■ **Assigned task**
Images are not part of the copy; write out the rest of the data exactly as given.

(Dataset excerpts)
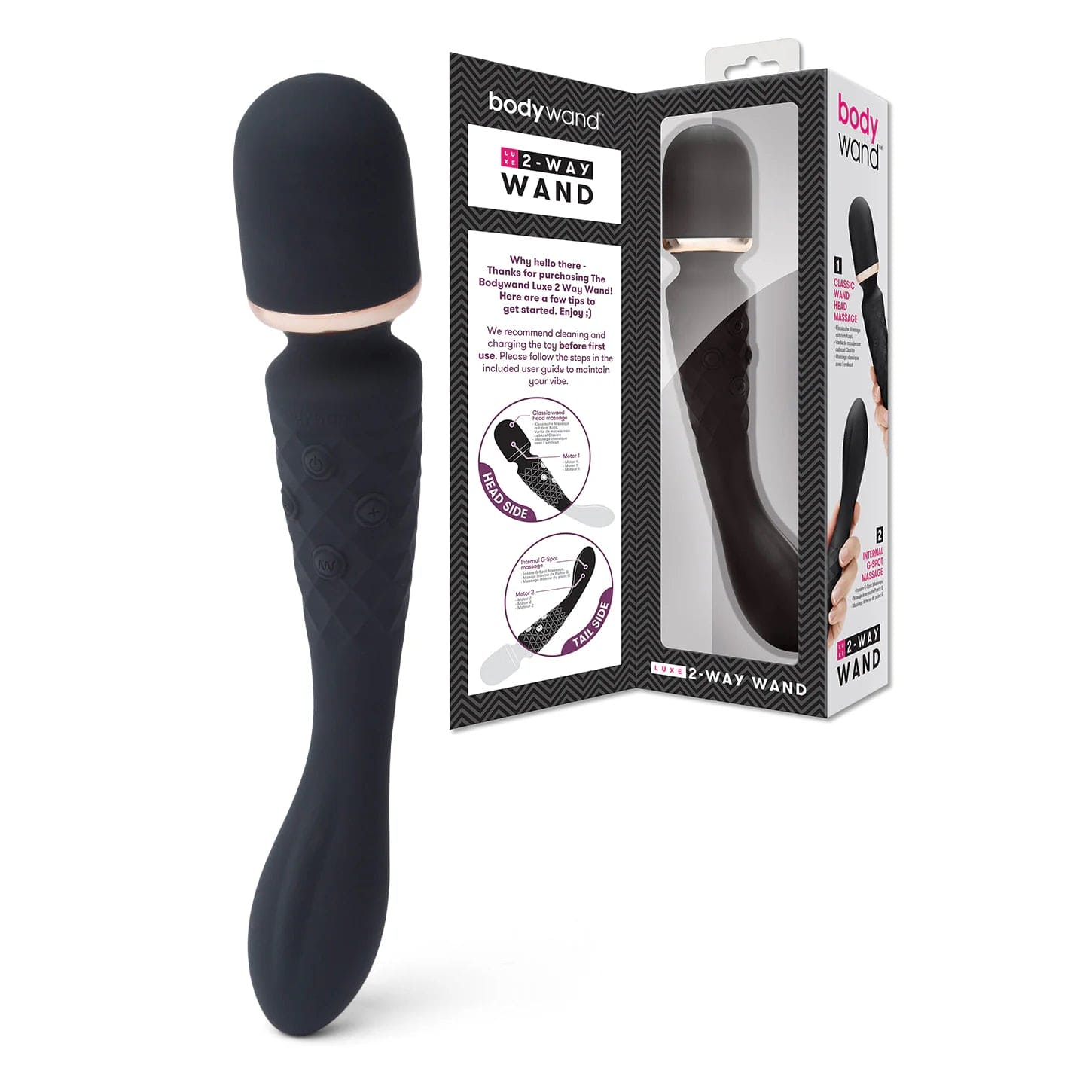 Bodywand™ Luxe 2 Way Wand Massager Black - Rolik®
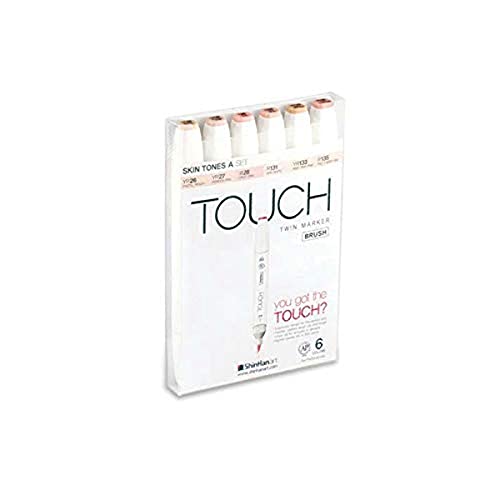 Touch Twin Brush Marker Skin Tones Set A 6 Stück von ShinHan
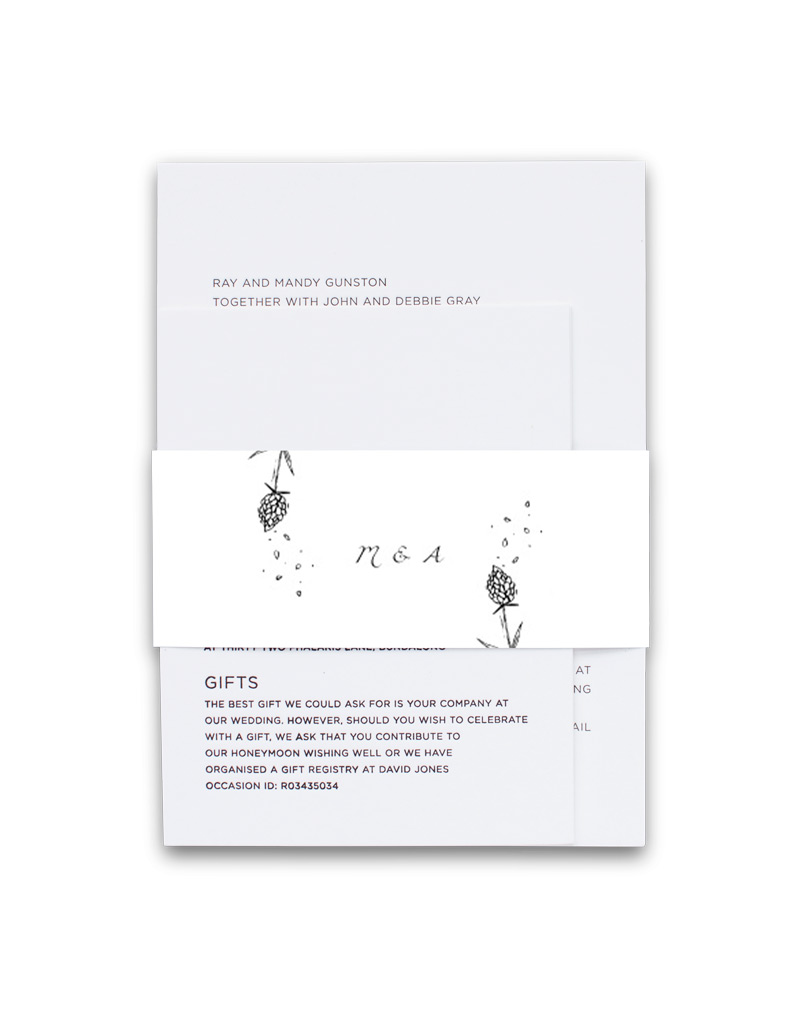 Wedding Petals - Belly Bands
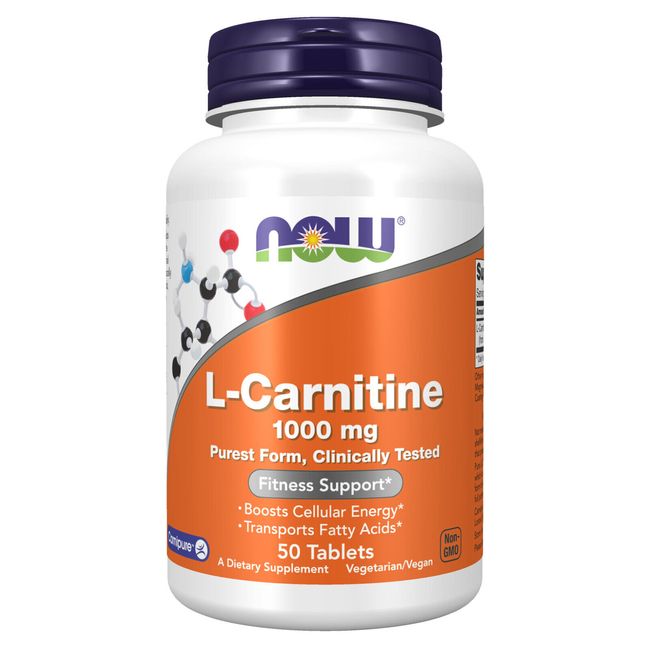 NOW FOODS L-Carnitine 1000 mg - 50 Tablets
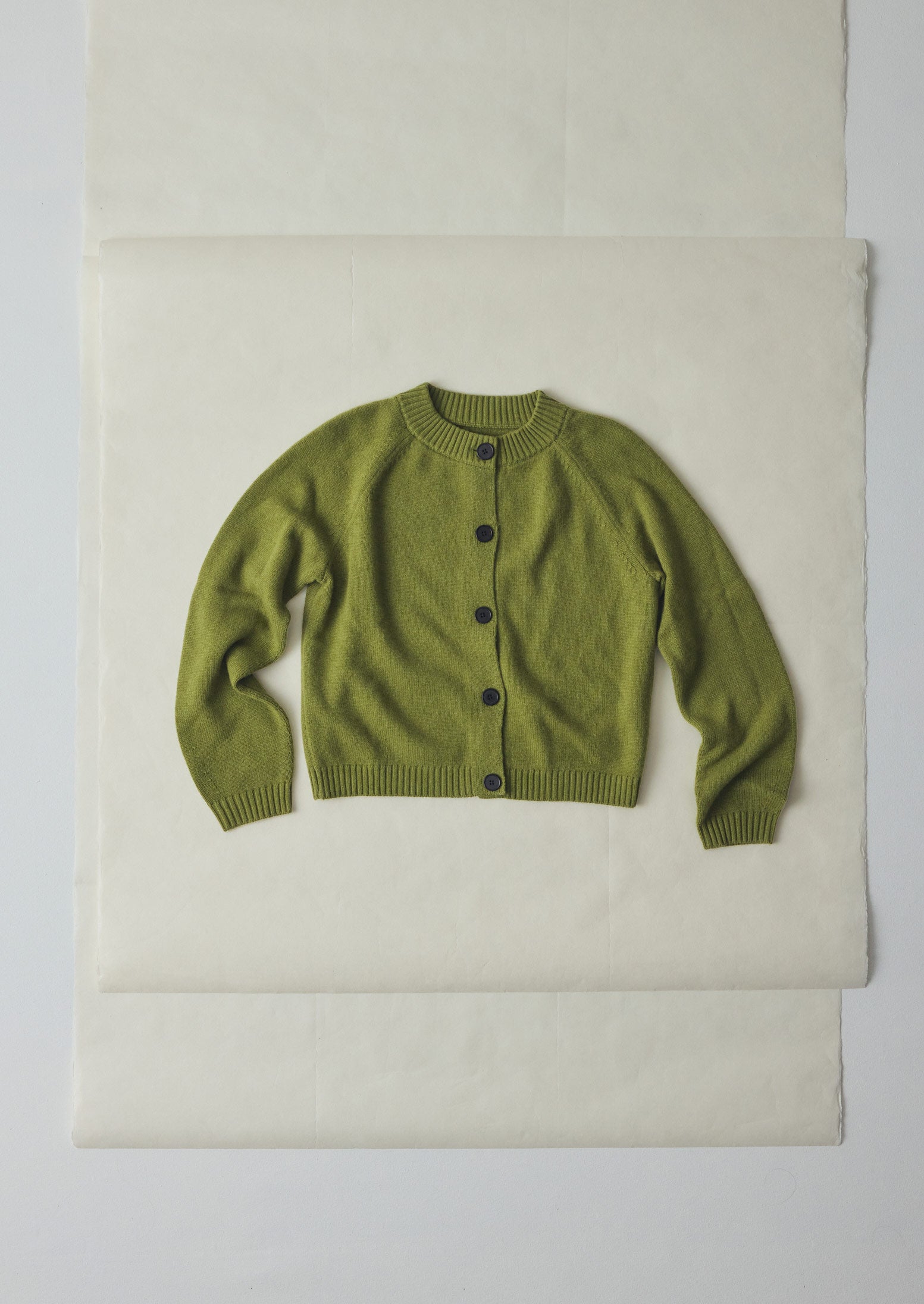 Eden Wool Cashmere Raglan Cardigan | Soft Green | TOAST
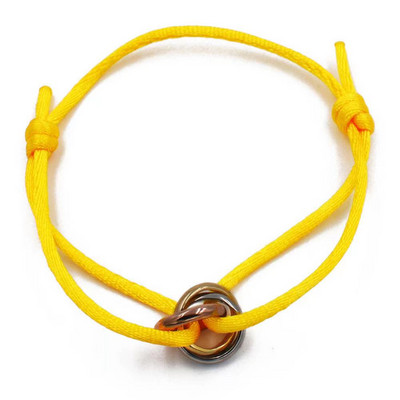 Rozsdamentes acél karkötő 3 fém csatos szalag fűzős lánc többszínű állítható méretű karkötő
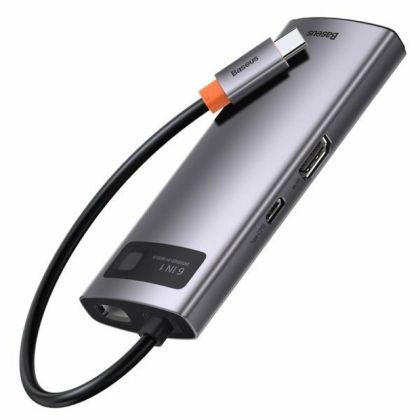 Dock. Station Baseus Metal Gleam 5 in 1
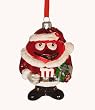 5" Candy Fantasy Red M&M's Santa Claus Suit Glass Christmas Ornament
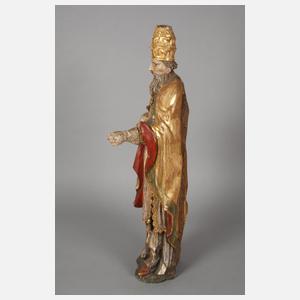 Geschnitzte Heiligenplastik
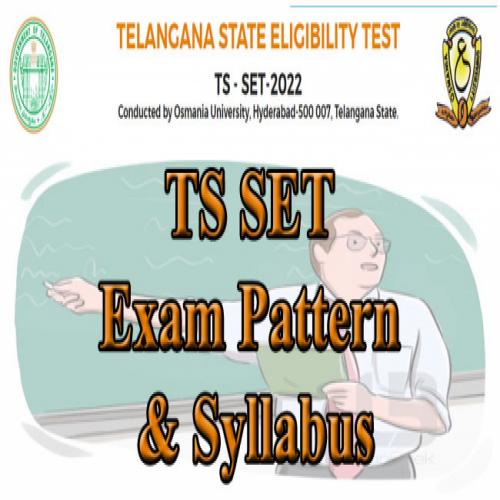 TS SET Exam Pattern Syllabus Sakshi Education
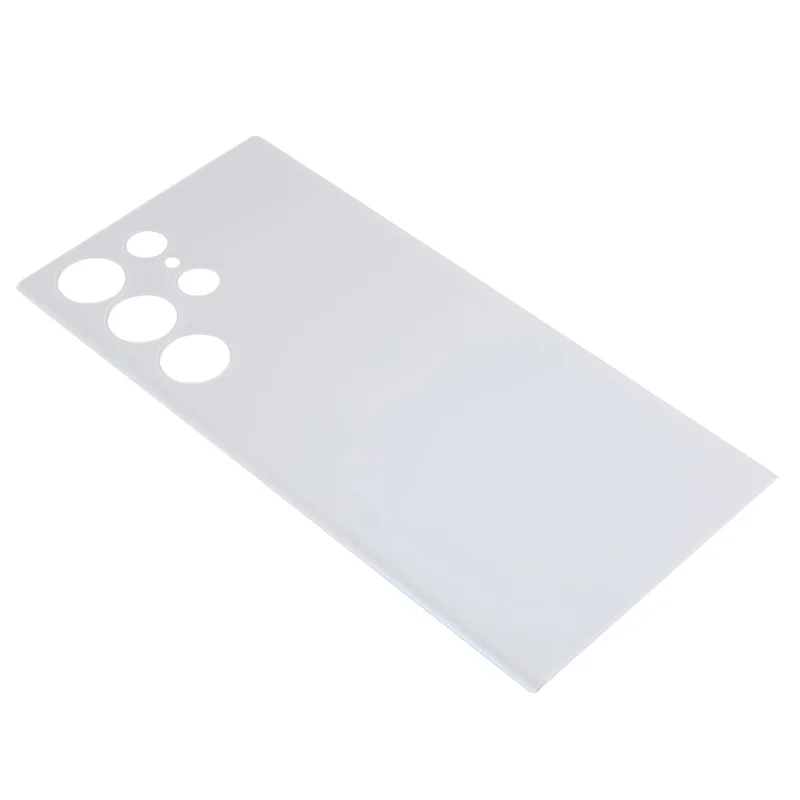 For Samsung Galaxy S23 Ultra S918 Back Battery Housing Cover Replacement (without Logo) - White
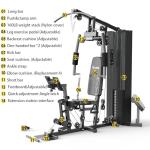 160LB Multifunctional Full Body Home Gym Equipment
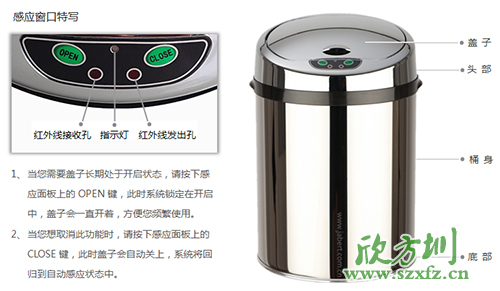 電子感應(yīng)垃圾桶價格貴嗎？智能感應(yīng)垃圾桶好用嗎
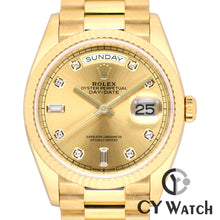 画像をギャラリービューアに読み込む, ロレックス  ROLEX デイデイト 36 128238A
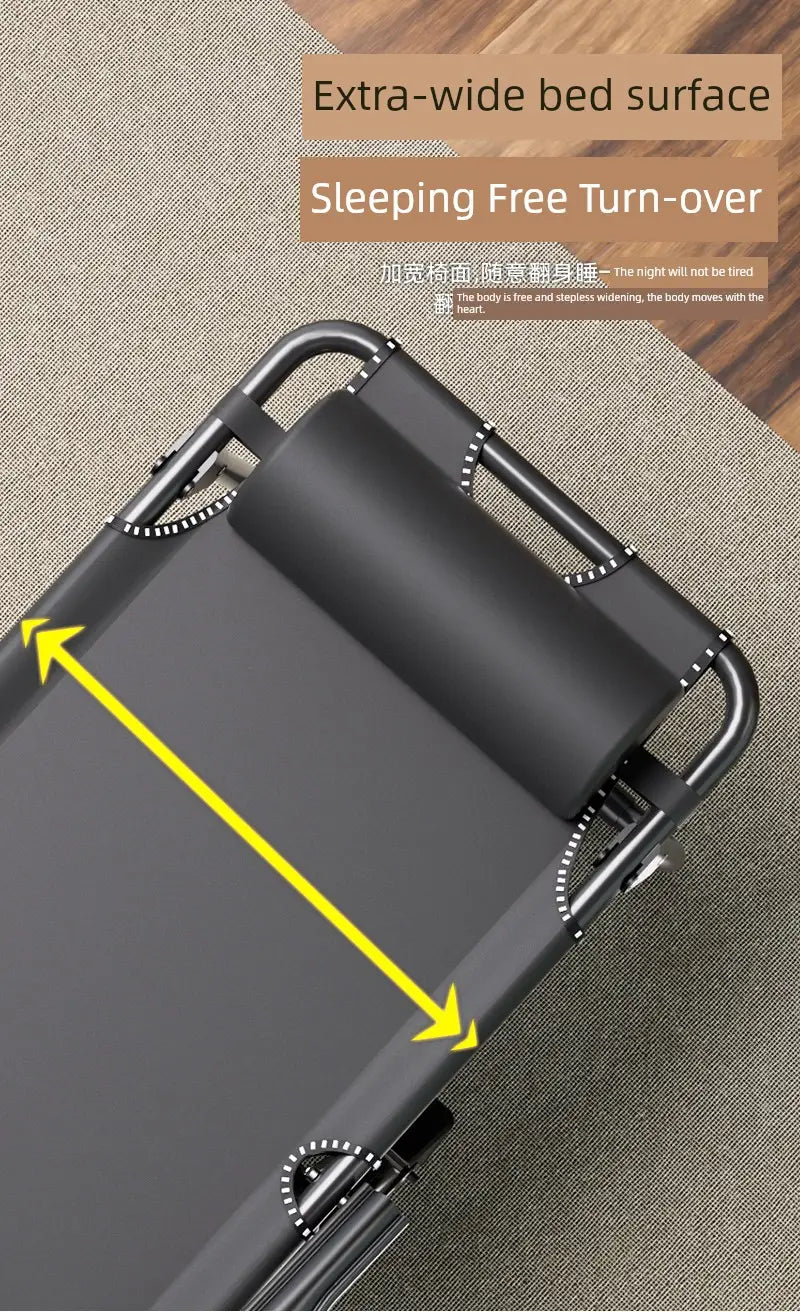Cama plegable portátil para la siesta en casa, la oficina y el campamento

■ **Solution**
 Bodywand™ Luxe 2 Way Wand Massager Black - Rolik®
 Touch Twin Brush Marker Skin Tones Set A 6 Stück von ShinHan
 Wedding Petals - Belly Bands
 NOW FOODS L-Carnitine 1000 mg - 50 Tablets
 Eden Wool Cashmere Raglan Cardigan | Soft Green | TOAST
 Rozsdamentes acél karkötő 3 fém csatos szalag fűzős lánc többszínű állítható méretű karkötő
 Dock. Station Baseus Metal Gleam 5 in 1
 5" Candy Fantasy Red M&M's Santa Claus Suit Glass Christmas Ornament
 Geschnitzte Heiligenplastik
 TS SET Exam Pattern Syllabus Sakshi Education
 For Samsung Galaxy S23 Ultra S918 Back Battery Housing Cover Replacement (without Logo) - White
 160LB Multifunctional Full Body Home Gym Equipment
 電子感應(yīng)垃圾桶價格貴嗎？智能感應(yīng)垃圾桶好用嗎
 画像をギャラリービューアに読み込む, ロレックス  ROLEX デイデイト 36 128238A
Cama plegable portátil para la siesta en casa, la oficina y el campamento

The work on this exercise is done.